Finley recounted that she didn’t anticipate what price celebrity would exact on her family and marriage. She said she sent a tape in on whim to The Food Network and that winning was a surprise. But after winning, experiencing how it felt to cook on television for strangers while not cooking at home for her family in California felt completely and totally alien. “With celebrity you become a brand and have to keep growing that brand and that was something I could not do,” she said, noting how much time would have been required taping in New York away from her family.

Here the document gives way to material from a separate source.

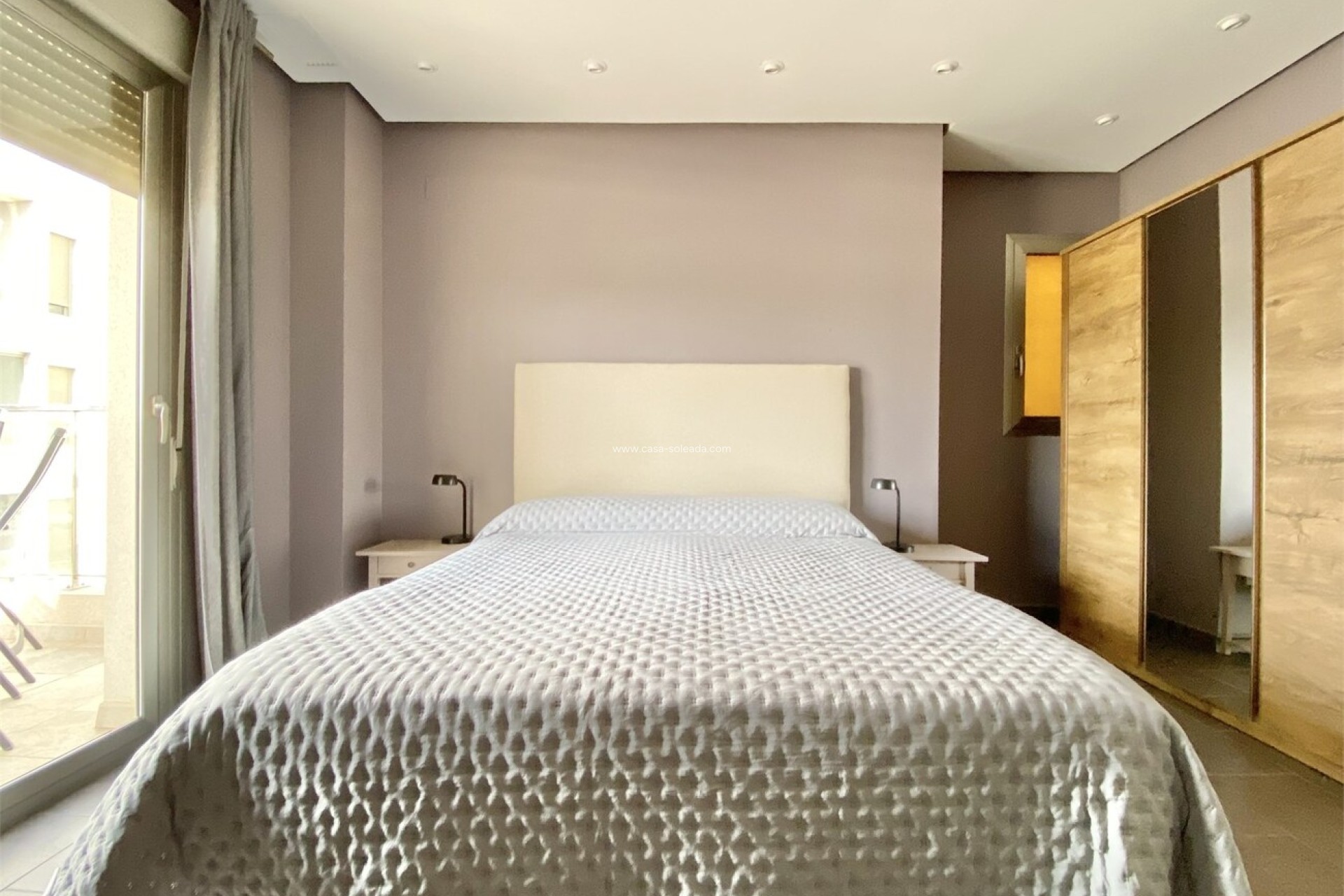 Revente - Appartement - Villamartin - Los Dolses
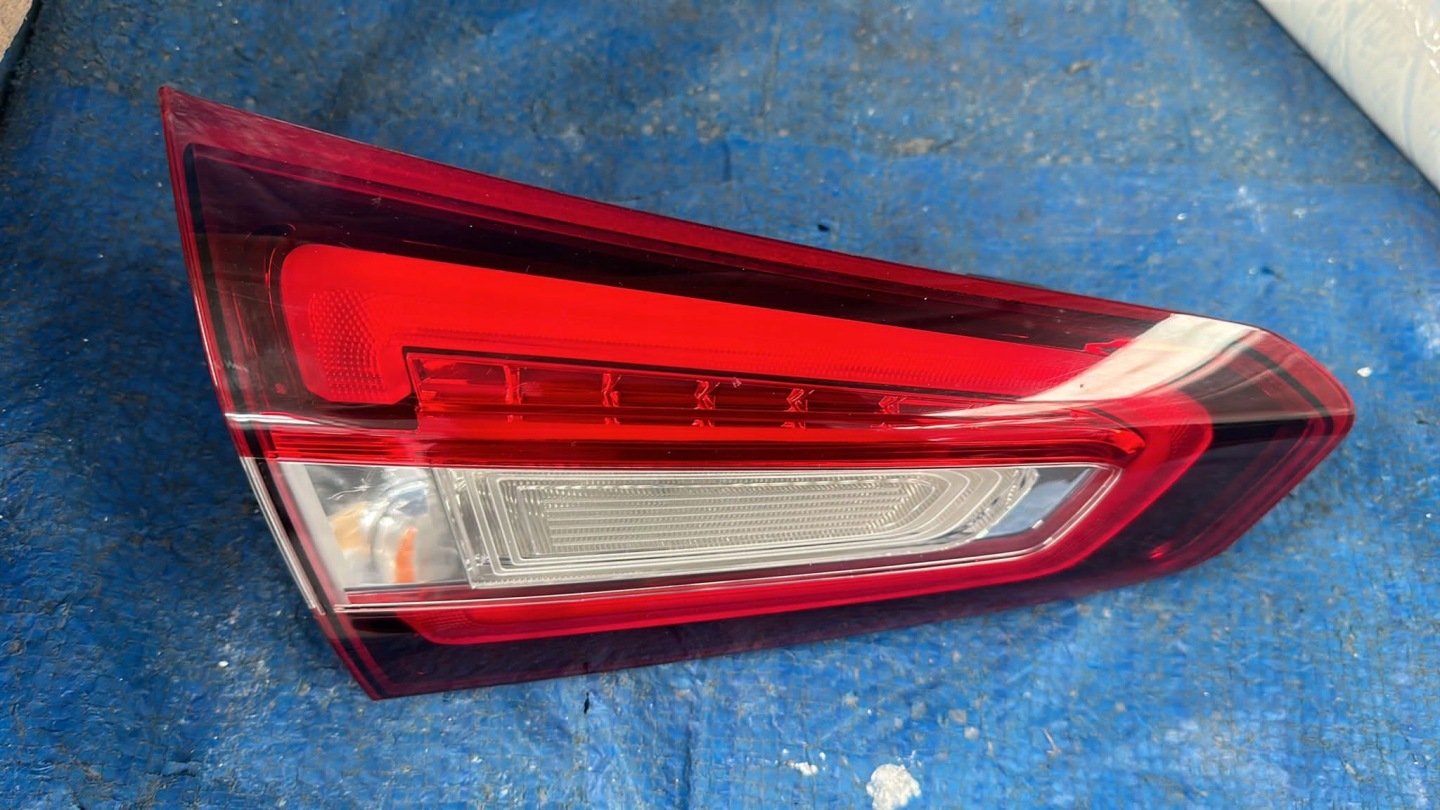 Hyundai i20 PB Rückleuchte 92403C8700 Rearlamp - Thumbnail 1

Finley, who has a solid background as a policy analyst, said she realized that her choice between family and a demanding career was similar to what most working women with children must contend every day. “It’s almost impossible to have a career after you have that first baby, it’s not as simple as that,” she said. “We’ve created an economy that requires two incomes. It’s a problem in general for American families, not so much in France where there is available childcare and school hours organized around a normal workday. There the child minders and teachers are qualified and available when they are most needed by working women. In the U.S. it’s tough for parenting. Our priorities are not skewed to making it easy for people to have families. Countries that make it easy for people to have families also build stable societies. And happy communities foster happy nations.”

Regarding fast food and obesity, Finley said they also are linked to the need for two incomes in working families and lack of available childcare. “People are time challenged and stressed,” she said. “And making meals at the end of long days is more difficult here than in Europe. In Europe there are specialty food purveyors who make fresh food that working mothers can use to augment meals. You keep a village alive by supporting these vendors. For the most part, we don’t have those choices here, so it takes more research to find healthy sources.”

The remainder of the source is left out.